Today’s recipe is a Cauliflower Bisque. It is a fantastic comfort food that highlights one of my favorite vegetables: cauliflower, along with other miscellaneous vegetables, healthy fats and spices. The depth of flavor is beautifully balanced with heat and notes of citrus for ย  a refreshing aroma.

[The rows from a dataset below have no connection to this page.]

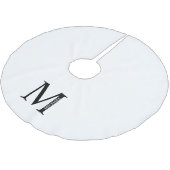 Personalisiertes Monogramm und Name Polyester-Bürs Polyester Weihnachtsbaumdecke (Schrägansicht)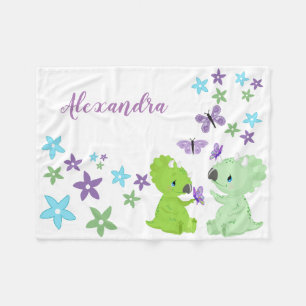 Personalised Floral Baby Dinosaur Friends Fleece Blanket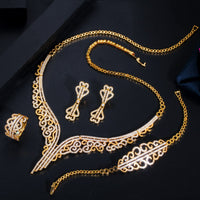 Golden Elegance Zircon Brass Jewelry Set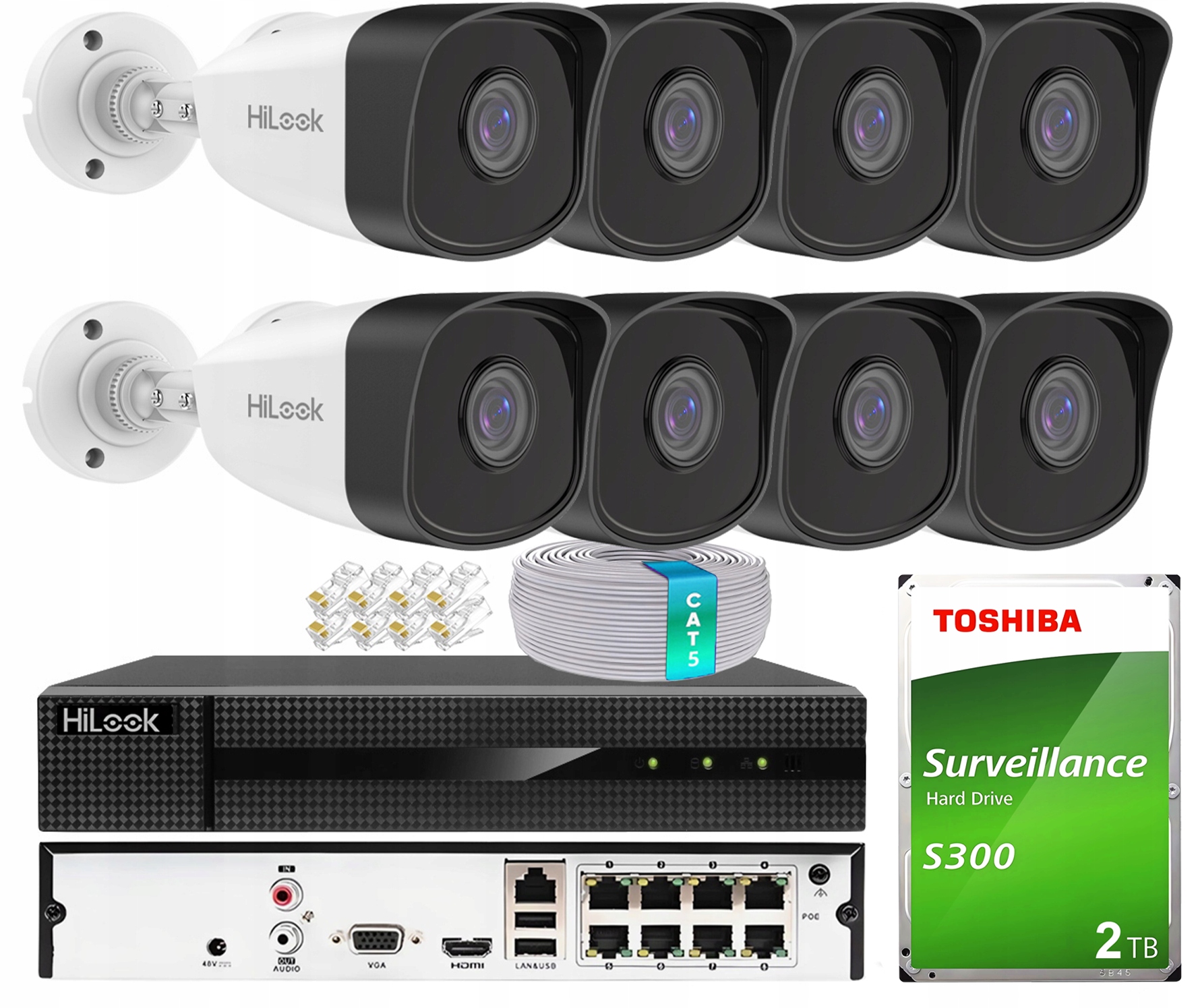 Domácí monitorovací systém 8 Ip kamer 5MPx PoE IPCAM-B5 HiLook od Hikvision 2TB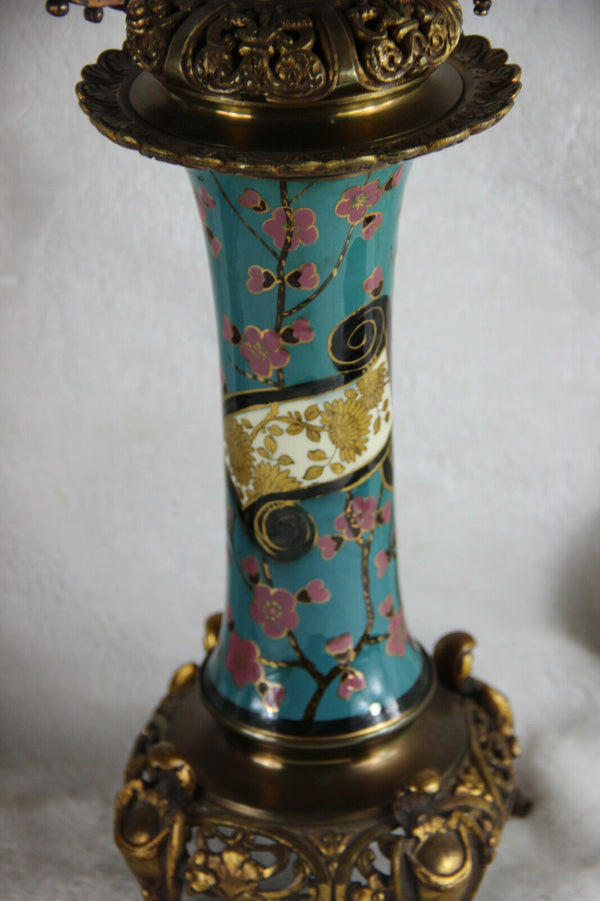 Pair french antique faience candelabras candle holders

If you want to make this soup into a full meal on its own, you can easily pour a generous amount over brown rice, quinoa or pasta. And, for a lighter meal, pair it with toasted slices of baguette and a side salad.

IMG_3487

INGREDIENTS

  • 1 head cauliflower, chopped
  • 2 garlic cloves, chopped
  • 1 onion, chopped
  • 1 onion, chopped
  • 2 carrots, peeled and chopped
  • 2 celery ribs, chopped
  • 1/2 cup portobello mushrooms, chopped
  • 1 cup coconut milk
  • 1 1/4 teaspoon ground cumin
  • 1 teaspoon ground turmeric
  • 1 teaspoon ground coriander
  • 1 teaspoon red chili pepper flakes
  • 1 teaspoon dried basil
  • 1 lemon, freshly squeezed
  • Freshly ground black pepper and sea salt, for taste

INSTRUCTIONS

  1. Add 4 cups of water with 1 onion (halved) and mushrooms in a medium pot placed over medium heat. Allow this to simmer for 10-15 minutes, and set aside as your vegetable broth.
  2. Add 2 tablespoon of olive oil in a large saucepan placed over medium heat.
  3. Add garlic, onion (diced) and carrots. Cook, stirring occasionally, until tender (about 5 minutes).
  4. Stir in the cauliflower and cook, stirring occasionally, for about 5 minutes.
  5. Add in the vegetable stock, cumin, turmeric, coriander, red chili pepper flakes and coconut milk, and stir together.
  6. Bring the broth to boil, then reduce the heat and let simmer for about 15-20 minutes.
  7. Pour the broth and lemon juice into a blender, and puree until creamy and thickened.
  8. Season to taste and serve garnished with black pepper and dried basil.